Alert: This is a 'Rant' post though I wouldn't really call it that. Make it a 'shout-out' to the universe to make things right. Yep, that seems just about right. 'Shouting out to the universe to make things Right' post this is. And please do not ask me about this or refer to this happenstance you meet or talk to me anytime. For you, this is one of those posts you just read and forget in the big wild jungle of blogs while for me this is one of the posts that I will wish sometime in the future that I had not posted but hey today I don't feel that so here goes.
So I've returned to work now. It's easy but its also getting tougher as the hours passby and I don't get an update on how my baby is doing. I feel so cheated by the entire thing. What's wrong in me checking up every hour? What's wrong in me asking for every small detail? After all this is just the second day I am leaving her in 15 months and it feels like I 'forgot' something essential at home. Everytime I look at the clock, I wonder what she is doing? Has she had her morning milk? Has she been bathed? Is she taking her first nap of the day? Is she still coughing as she was when she woke up when I left home? To a mom who has watched her child EVERY waking minute in the past five and odd months, isn't it but normal to worry about how her baby is doing in someone else' care? Admiteddly that someone might care for her just as much as me but hey this is my second day away from her and I am sorry but I just can't trust another person to care for her like I have/would have done so. Yes, things might be happening differently, she might take a longer nap, refuse to be put down, take half an hour to finish a bottle vis-a-vis the five minute gulp down she does with me BUT I want to know it. AND I want to wonder aloud, YES ALOUD, IN YOUR FACE ALOUD, and ask the caretaker WHY. It doesn't mean I am doubting the caretaker's ability to take care but simply I have the need to ask WHY. Withholding this information from me and not allowing me to know what my baby is doing at any given point in time when I am away from her feels so wrong to me.
My chest gets heavy and my head starts to ache as every minute passes without a sign of a message, call or email about her.
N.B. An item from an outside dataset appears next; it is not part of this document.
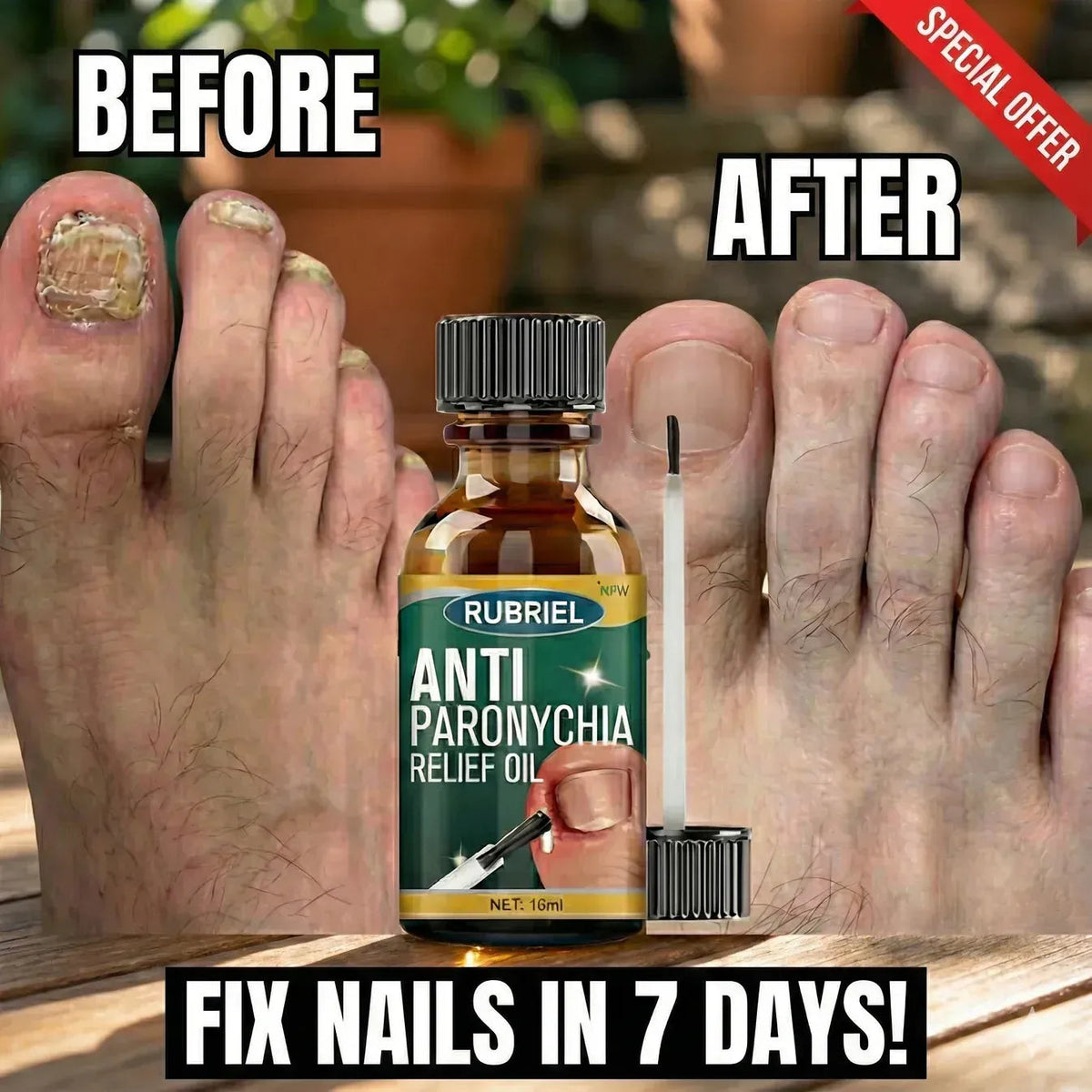 Anti Paronychia Relief Oil : Buy 1 Get 1 Free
And I can't call or do any of it myself lest I anger the caretaker and that affects how my baby is taken care. Tears roll down my cheeks without worrying that I am surrounded by a hundred or so people in the open office. I want to be home taking care of my baby. Going for hours together without food under a hot roof soothing a fussy child or controlling the urge to pee for endless mintues to just have one more 'minute' with the baby and successfully have her take a nap is far more preferable to me than sitting in a perfectly airconditioned room with endless 'me' time ahead. This is all so so wrong. And all because I need to work. All because I need to provide for the future comforts 'we' have planned. All freaking because I made some decisions in life that I shouldn't have. But it all doesn't matter now. Right now. I just wish one thing. I just wish someone would tell me what my baby is doing now.
Edited to add: So I overreacted but I am not going to delete it :)) Blame it on the hormones!
Edited to add: So I overreacted but I am not going to delete it :)) Blame it on the hormones!